A protester holds up a poster of Syrian President Bashar al-Assad.
A protester holds up a poster of Syrian President Bashar al-Assad during a demonstration against Israeli air strikes in Syria, in Sanaa, May 10, 2013.
Khaled Abdullah / Courtesy Reuters

On Tuesday, U.S. Secretary of State John Kerry spoke of the recent chemical attack in Syria as an “undeniable” fact -- not a subject for debate. He called it “moral obscenity” and laid the blame squarely on the regime of Bashar al-Assad. The statement was an undisguised war speech. The only question now is what form that war might take and how long the battle will last.

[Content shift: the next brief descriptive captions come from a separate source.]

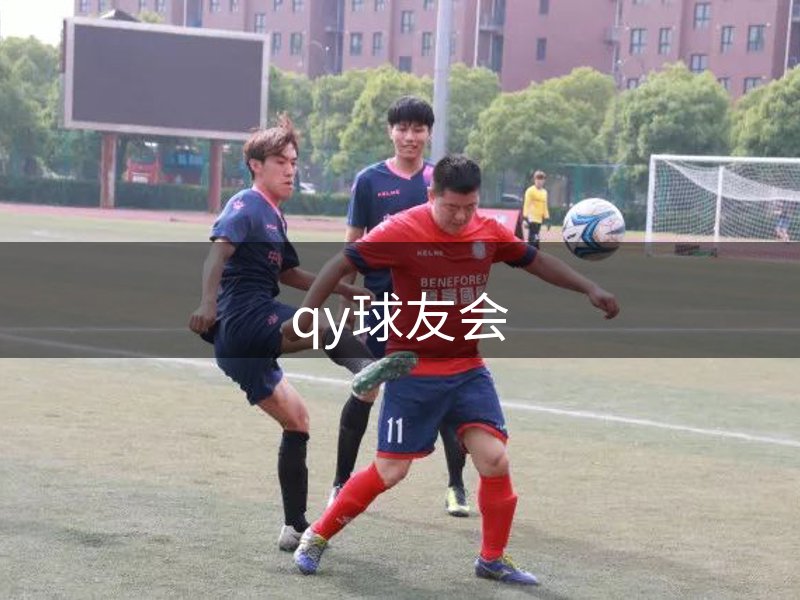 品牌力量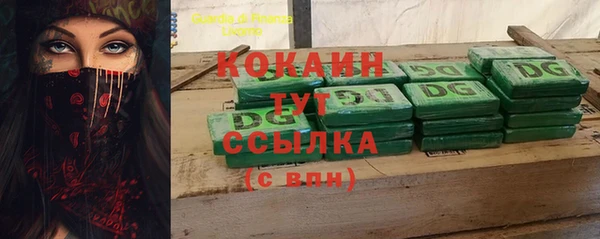 мдпв Козловка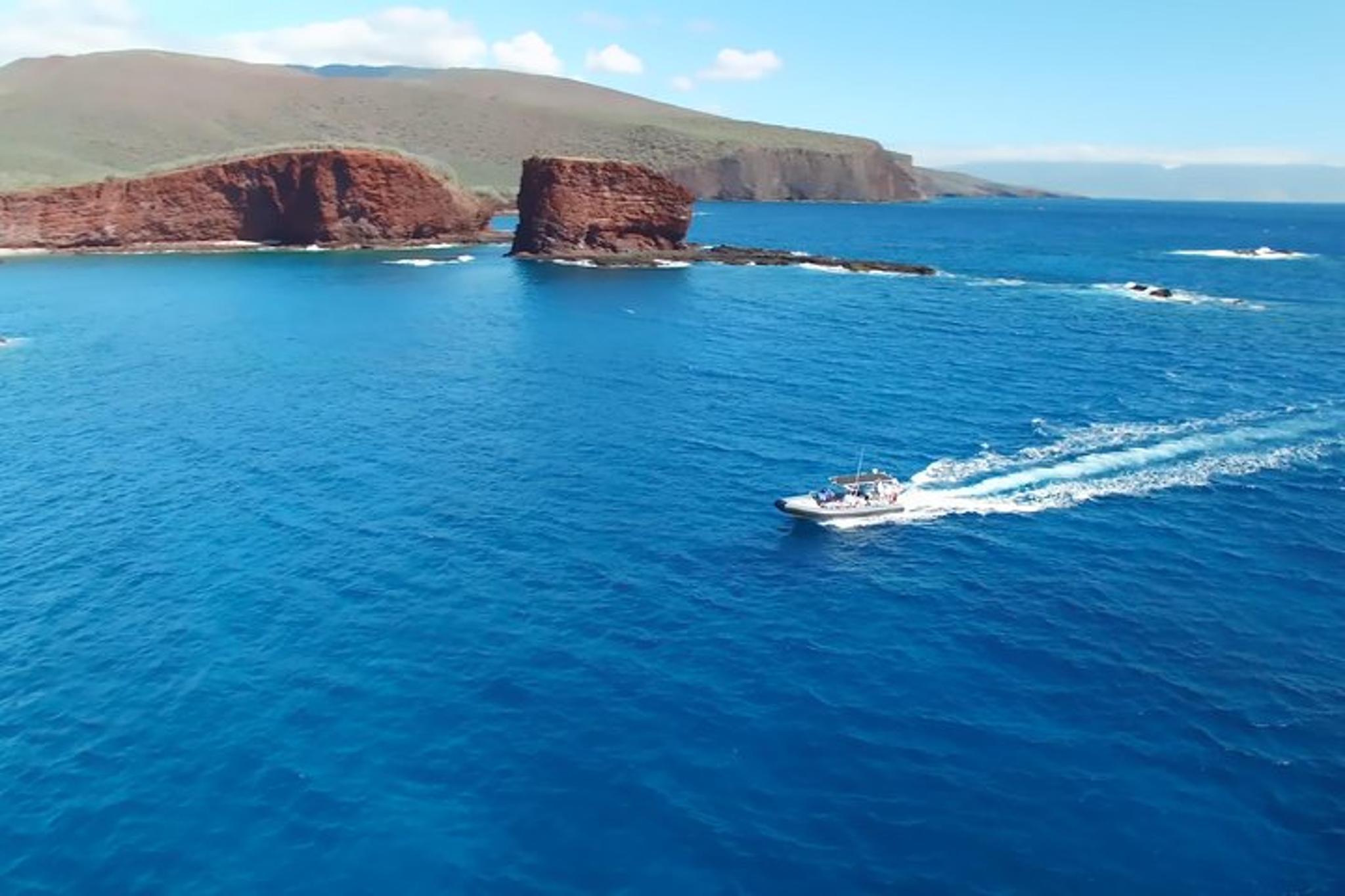 Lahaina Snorkel and SCUBA Adventure - Image 5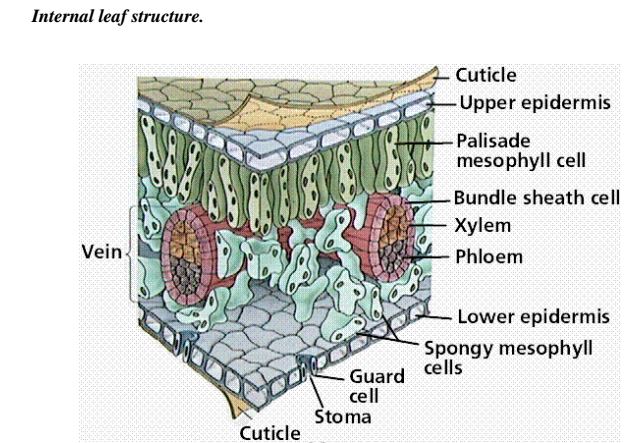 Biology Questions And Answers Form 1 Biology Quizzes -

There are several rumors swirling. One is that the Obama administration would prefer a mere “punitive” campaign. Some precision-timed leaks to the media seem to point in this direction. But such a strategy would accomplish nothing if the goal is to deter the Assad regime from ever using chemical agents again. Over the past year, Israel has waged half a dozen pinprick strikes on caches of advanced weapons inside Syria, likely because they were destined for Hezbollah in Lebanon. The very number of operations attests to how little they altered Assad’s mindset: he still imports high-tech hardware.

Another rumored plan, which NBC reported, citing senior U.S. officials, is that sorties over the next few days would not aim to kill Assad or topple his regime, but may seek to destroy or to degrade his command-and-control facilities, artillery systems, and airfields. That is surely a smarter option, provided that the strikes rise above sending a message and do some lasting damage to the regime’s military infrastructure. Anything short of that would be strategically useless and a waste of expensive missiles.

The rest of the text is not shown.